Thank you for taking the time to share your experiences with others. I came across your post by Googling for “how to talk to a parent who has lost a child.” A random way to find you, but I’m thankful for what you wrote.
My best friend died of cancer at 36, three years ago, and since then I have had such a hard time talking to his Mom about it. My own heart is broken and I still cry very frequently (including yesterday while at the gym…I looked like an idiot, I’m sure). So I can only imagine the pain that his parents carry. I think I’m fortunate that I truly cannot comprehend that kind of pain and sense of loss. And I know that my own grieving process is unpredictable – sometimes I want to talk about Scott, sometimes I do not – so I’m always wary of bringing it up with his Mom without knowing whether I might cause more tears and possibly hurt more than help.
But your post gave me the confidence to send her an email (long distance) to her to let her know that I am always here for her to talk to if she wants, and that I was and continue to be sorry for their loss and the burden that remains from their loss, and of course, that I love her as a second mother to me.
Though I don’t know you, I feel the same for you. Although I suspect you might make a scary-looking second mother.
Thank you, blessings for you and your wife, and I’m wishing for you both right now a bit of peace and content.
Bryce, I wish there had been something like this years ago.

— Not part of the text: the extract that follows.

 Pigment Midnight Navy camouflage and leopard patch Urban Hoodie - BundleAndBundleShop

Thank you for writing this.
February 21, 1999 (my birthday of all things) I too lost my son at 7 months. My friends and family where not very suportive and I don’t know if they just didn’t understand or if they cared. The only ‘advice’ and ‘helpful words’ I got where “She (my girlfriend) was a whore” and “It was probably for the best, as she was using drugs and the baby may not have had a good life”. I guess people, even your close friends, don’t realize how hurtful they can be. Yes, it may have been true, my girlfriend was doing drugs while pregnant (something I wish I had able to detect, if only I had been more observant) and yes my son ‘may’ have had health problems, but he was my son and I didn’t want to hear someone else say that to me.

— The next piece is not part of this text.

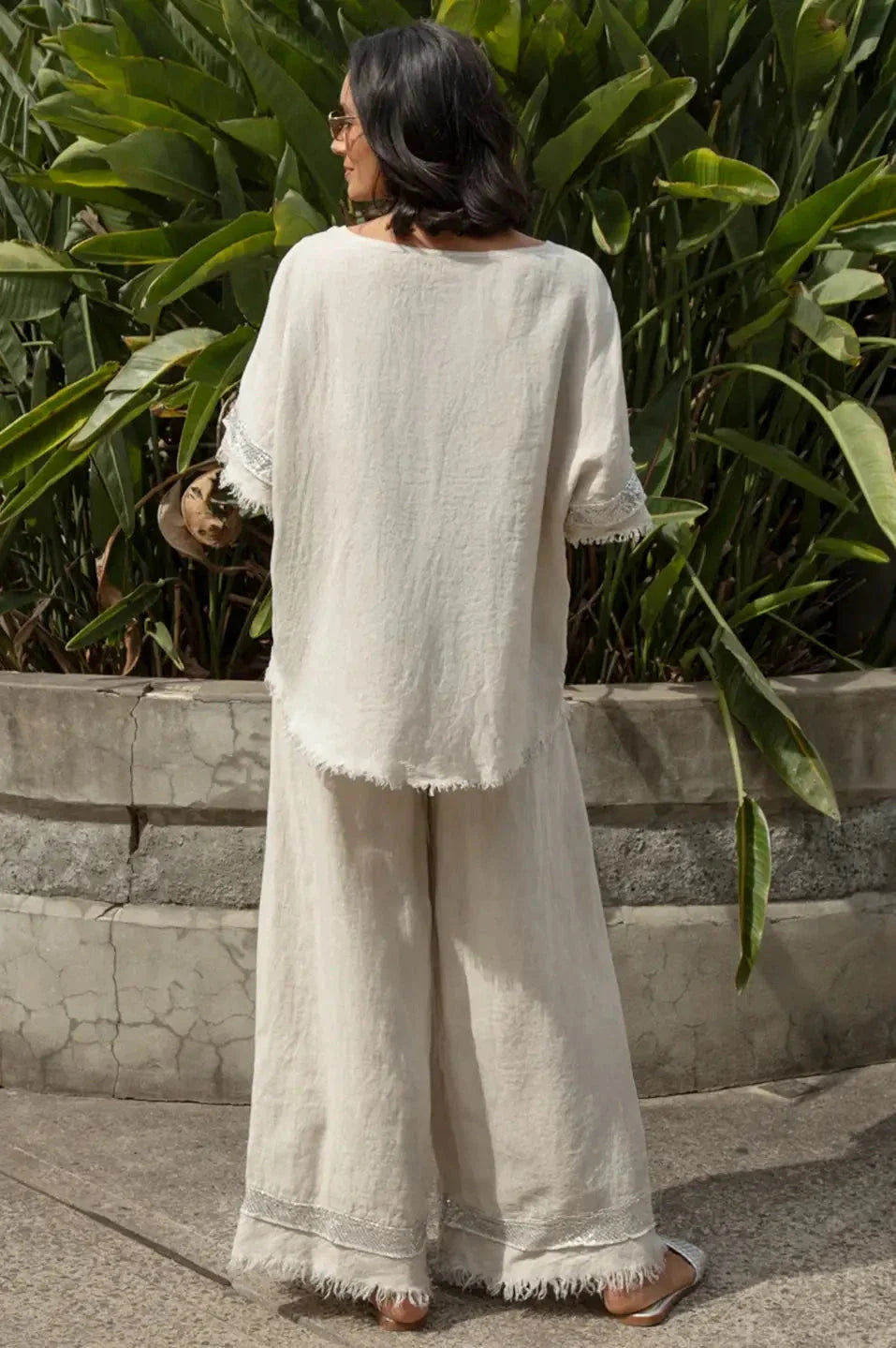 Antonia Wide Leg Linen Sequinned Pants in Oatmeal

Sorry about the long comment and the bad words.
Thank you again,
ZH.
I love you guys: For the strength of your love for each other and the coherence of your advice. I wish some of the folks had read and understood your advice before talking to my wife, other bereaved friends or I.
It was Sept 12 2009 That I watched my 7 year drown.Helpless because I can’t swim I watch as her life disappear yell help me mommy.At the creek they pull her lifeless body from the water.She was pronounce die at 12:24 p.m. Now it been 7 months as the days pass more depressed i get because her birthday is monday March 1. Please help me.
I am so sorry to read this, I am speechless. I can only imagine the feelings you went and are going through…
Amen, and I say again, AMEN. I lost my middle son at age 11, could not believe how many idiots made the comment “at least you still have two other boys” as if any child could be easily replaced.
Your advice is right on target, and those who have never lost a child cannot fathom the despair and agony the living another day without the child is.
The advice I’ve given to people who don’t know what to say is simple, “Shut the Hell up before you say something stupid.”
As one grieving parent to another, I am truly sorry for you loss.
Hi Thank you so much for this information! I just lost my nephew a few weeks ago. and my sister is having such a hard time and when she comes to talk to me i don’t know what to say that is why i looked this up and was pleased to know what to do and say because i was feeling that i was saying the wrong thing(.” which after reading i think i was” )
Thanks again! Eva Sorry for your loss
I have a friend who died from a bus accident. I saw her mother grieving everyday and I don’t know how to comfort her.
my best friends sister lost thier 2 year old girls thay were 2 1/2 from a drowning> Iam staying with them tx for the article it helps
One of my close friends just lost her child in an accident, at least now I now how to comfort her.